Other keywords (including bounded geo searches like neartitle/nearcoord) will have an impact on the set of documents returned regardless of the sort parameter.
We could possibly emit a warning when such keywords are used in conjunction with a sort param that is not relevance. DCausse (WMF) (talk) 09:07, 22 September 2025 (UTC)Reply
DCausse, thanks. Note that I have added new section § Interaction among search options to the page, based on my possibly faulty understanding of what you wrote above. Please correct it as needed, and please expand the section to include any other interactions among search options that users should know about. Thanks in advance, Mathglot (talk) 19:54, 22 September 2025 (UTC)Reply

How to search the fields of the File information template on Commons?

[edit]

Nearly all of the over 110 million files on Commons use this standardized template that specifies various useful metadata like date taken and file description. How to make use of this data and search it?

For example, how could one search file description for a term like "Kathmandu" (as asked about by another user) like on can search with intitle. description:"Kathmandu" does show some results but I don't know what it does and the results don't have that word in their description. I could not find info on this at mw:Help:CirrusSearch either. Info how to search specified fields of c:Template:Information should be added here.
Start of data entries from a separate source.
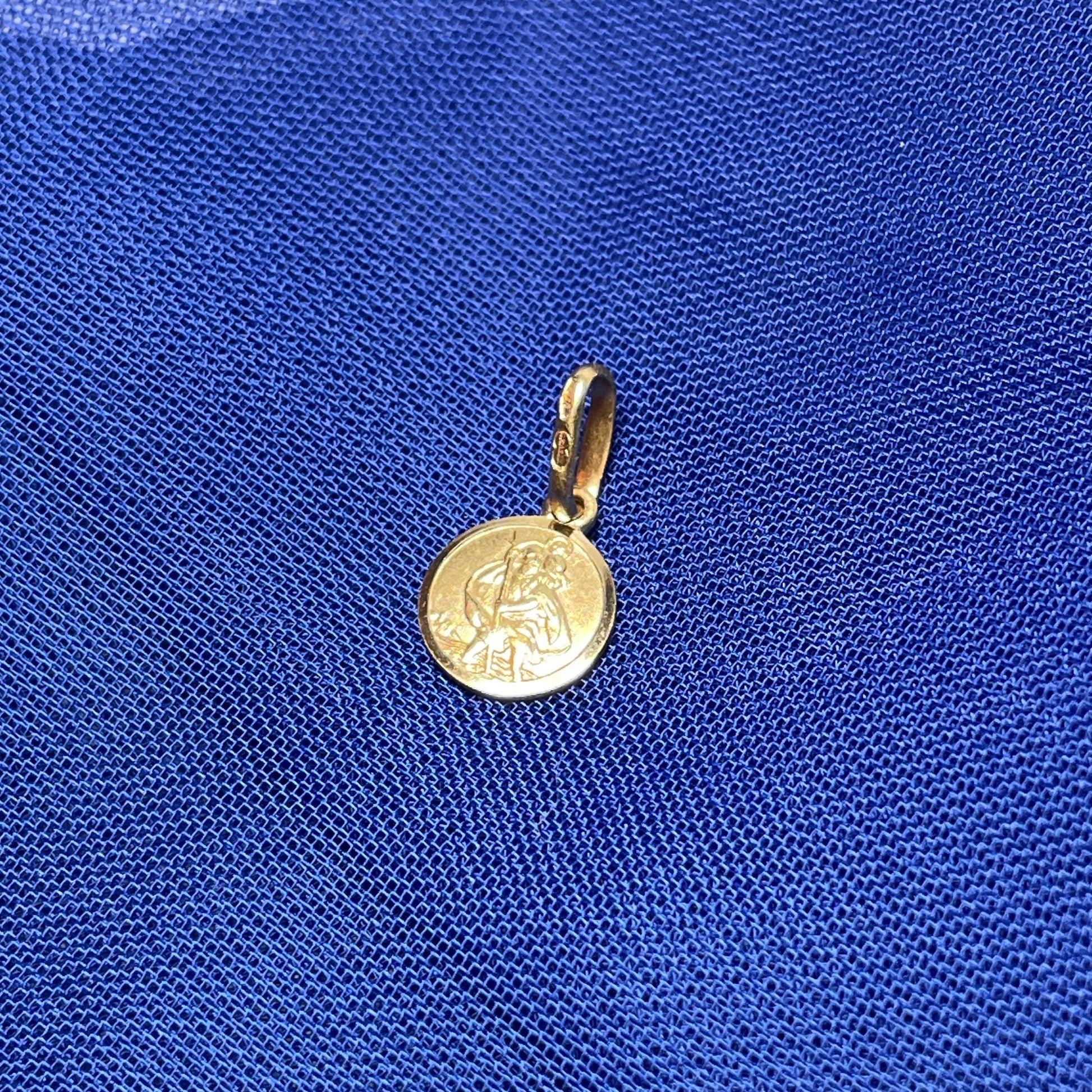 St. Christopher solid really tiny round 9 carat yellow gold 8 mm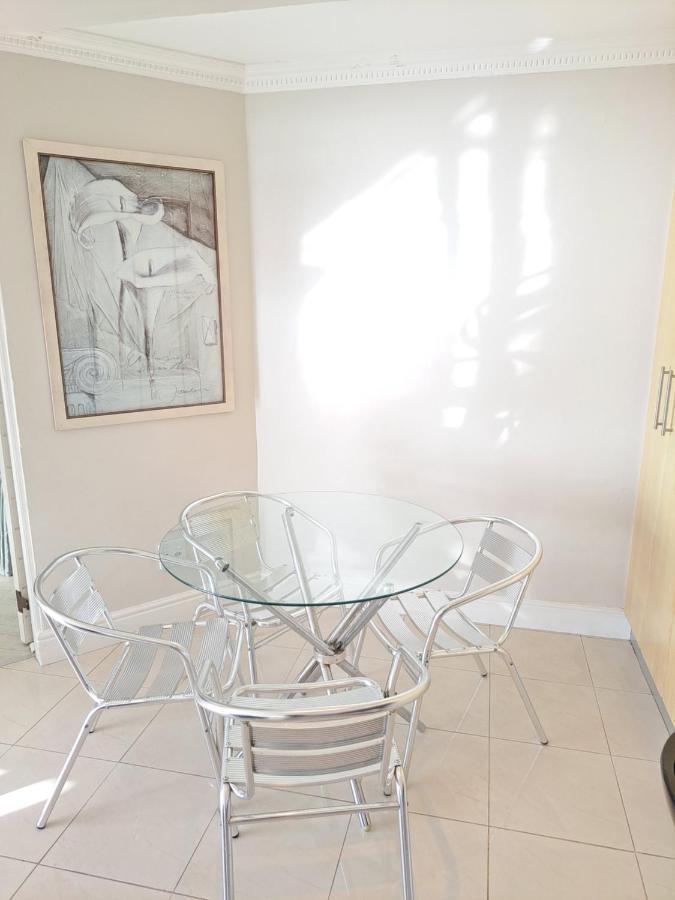 3 Bedroom Sea Facing Family Apartment Cape Town Moullie Point Exteriér fotografie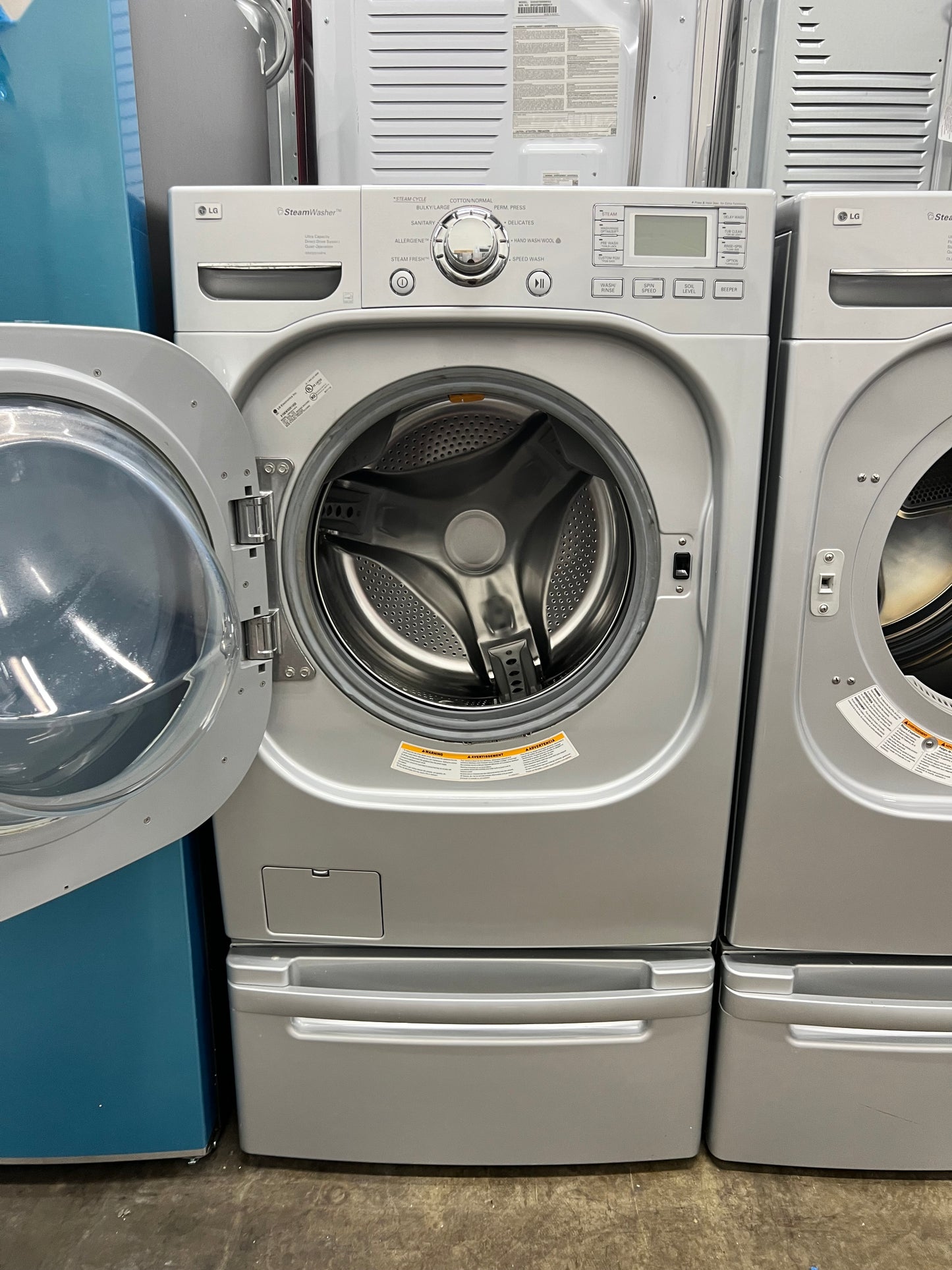 LG Front-Load 4.5-cu ft Washer and 7.4-cu ft Electric Dryer Set in Pure Silver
EBernhardson (WMF) said Unfortunately, the image description is simply an argument to a template. CirrusSearch doesn't do anything at that level and can't be that specific.. I think the best workaround currently would be to use the insource search operator with the field name first so for example I searched for insource:"|source=[https://soundcloud.com to identify files for c:Category:Audio files from Soundcloud.com. I think easily searching fields of the File pages' Information template could be enabled by

  1. Developing some regex that searches for any content after e.g. |source=
  2. Creating some alias for it so instead of writing some complex regex query every time one can simply enter e.g. info-source:"soundcloud.com"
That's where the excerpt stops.